● Data for the task:
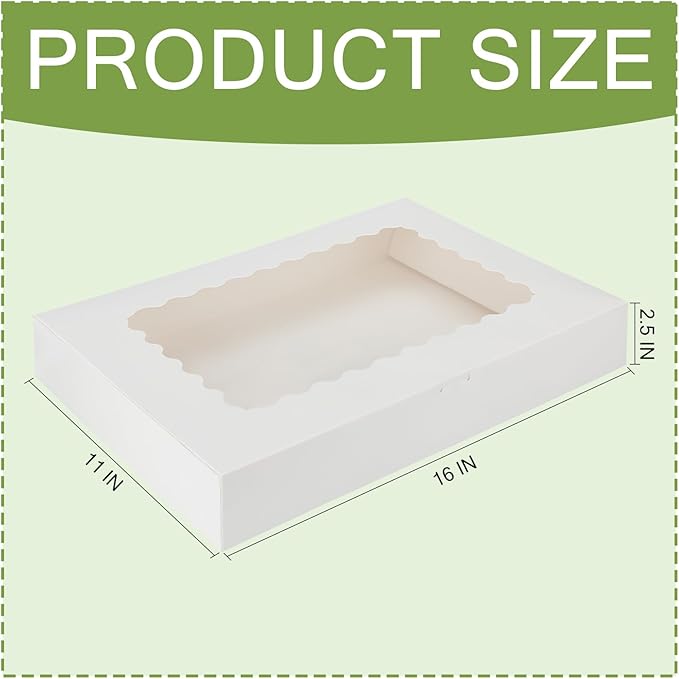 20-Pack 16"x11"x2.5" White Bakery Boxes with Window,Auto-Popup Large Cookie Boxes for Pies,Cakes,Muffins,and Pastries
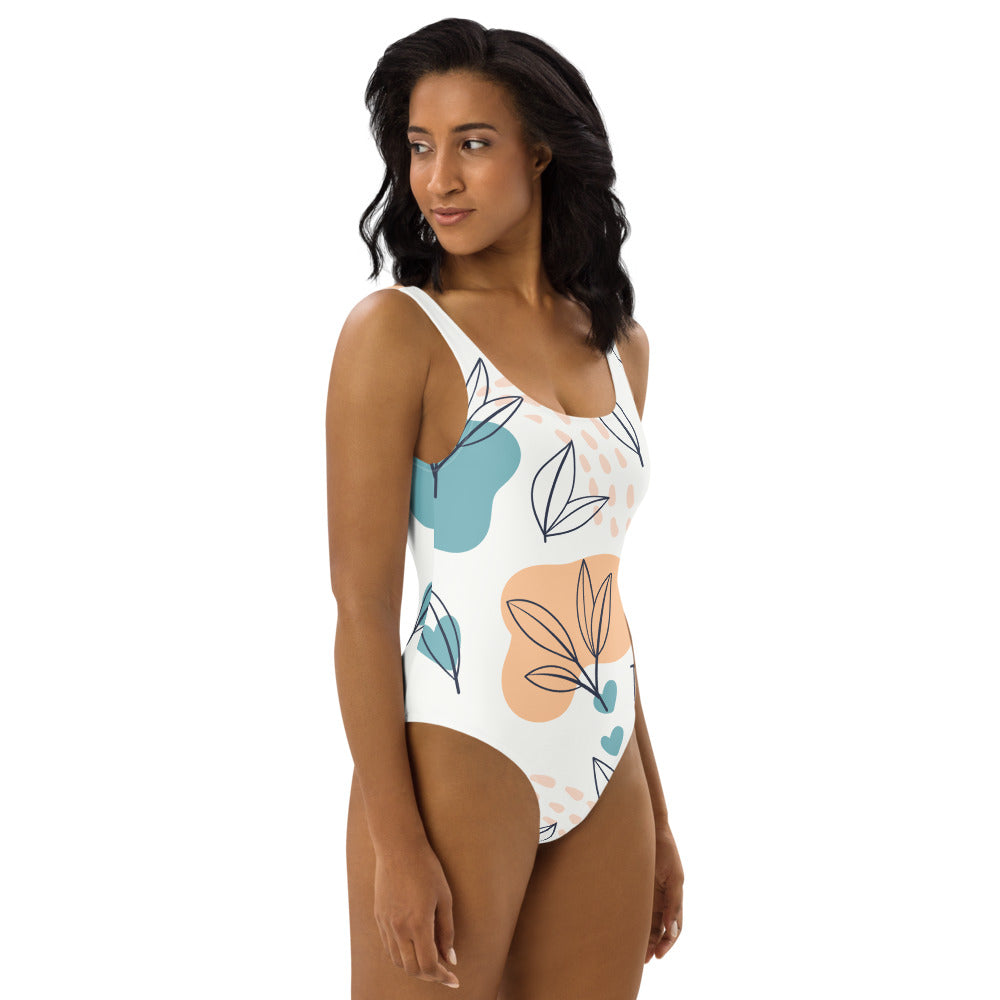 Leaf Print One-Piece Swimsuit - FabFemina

==

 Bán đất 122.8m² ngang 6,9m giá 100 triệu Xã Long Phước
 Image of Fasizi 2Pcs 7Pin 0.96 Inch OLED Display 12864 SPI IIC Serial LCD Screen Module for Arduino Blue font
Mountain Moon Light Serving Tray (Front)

● Work to complete: The stretch of entries above that starts with the line containing "Bán đất 122.8m²" and goes on through the line containing "Mountain Moon Light Serving Tray (Front)" is to be transcribed exactly, and no other line is to be transcribed.

● Solved problem:
 Bán đất 122.8m² ngang 6,9m giá 100 triệu Xã Long Phước
 Image of Fasizi 2Pcs 7Pin 0.96 Inch OLED Display 12864 SPI IIC Serial LCD Screen Module for Arduino Blue font
Mountain Moon Light Serving Tray (Front)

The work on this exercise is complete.